**GIVEN ENTRIES**
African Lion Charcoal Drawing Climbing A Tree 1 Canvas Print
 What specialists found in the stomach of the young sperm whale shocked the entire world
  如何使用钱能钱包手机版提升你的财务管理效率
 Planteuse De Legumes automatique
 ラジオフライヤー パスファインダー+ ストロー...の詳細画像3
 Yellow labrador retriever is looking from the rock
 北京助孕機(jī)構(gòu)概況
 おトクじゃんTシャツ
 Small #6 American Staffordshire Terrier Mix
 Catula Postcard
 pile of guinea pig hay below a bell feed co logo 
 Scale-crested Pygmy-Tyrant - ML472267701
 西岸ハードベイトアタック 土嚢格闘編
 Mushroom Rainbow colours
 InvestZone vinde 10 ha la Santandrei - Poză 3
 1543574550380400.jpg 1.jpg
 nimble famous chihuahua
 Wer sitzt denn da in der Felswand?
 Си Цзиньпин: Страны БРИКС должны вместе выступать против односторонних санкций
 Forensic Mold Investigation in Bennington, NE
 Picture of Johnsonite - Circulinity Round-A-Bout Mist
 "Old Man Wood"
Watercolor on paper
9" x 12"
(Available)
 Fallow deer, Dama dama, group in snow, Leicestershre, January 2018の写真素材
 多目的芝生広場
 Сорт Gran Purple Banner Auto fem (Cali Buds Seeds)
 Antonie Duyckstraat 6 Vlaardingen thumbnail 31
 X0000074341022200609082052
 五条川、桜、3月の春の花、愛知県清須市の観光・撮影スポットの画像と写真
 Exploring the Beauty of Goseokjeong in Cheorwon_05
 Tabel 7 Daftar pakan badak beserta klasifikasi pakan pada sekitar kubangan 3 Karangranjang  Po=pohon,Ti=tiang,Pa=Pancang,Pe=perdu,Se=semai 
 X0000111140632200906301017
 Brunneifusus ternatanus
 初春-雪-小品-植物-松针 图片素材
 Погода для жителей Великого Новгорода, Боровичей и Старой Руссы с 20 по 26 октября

**PROMPT**
Looking at the data above, return every line from the one with "ラジオフライヤー パスファインダー+ ストロー...の詳細画像3" down to the one with "Сорт Gran Purple", exactly and inclusively.

**RESULT BELOW**
 ラジオフライヤー パスファインダー+ ストロー...の詳細画像3
 Yellow labrador retriever is looking from the rock
 北京助孕機(jī)構(gòu)概況
 おトクじゃんTシャツ
 Small #6 American Staffordshire Terrier Mix
 Catula Postcard
 pile of guinea pig hay below a bell feed co logo 
 Scale-crested Pygmy-Tyrant - ML472267701
 西岸ハードベイトアタック 土嚢格闘編
 Mushroom Rainbow colours
 InvestZone vinde 10 ha la Santandrei - Poză 3
 1543574550380400.jpg 1.jpg
 nimble famous chihuahua
 Wer sitzt denn da in der Felswand?
 Си Цзиньпин: Страны БРИКС должны вместе выступать против односторонних санкций
 Forensic Mold Investigation in Bennington, NE
 Picture of Johnsonite - Circulinity Round-A-Bout Mist
 "Old Man Wood"
Watercolor on paper
9" x 12"
(Available)
 Fallow deer, Dama dama, group in snow, Leicestershre, January 2018の写真素材
 多目的芝生広場
 Сорт Gran Purple Banner Auto fem (Cali Buds Seeds)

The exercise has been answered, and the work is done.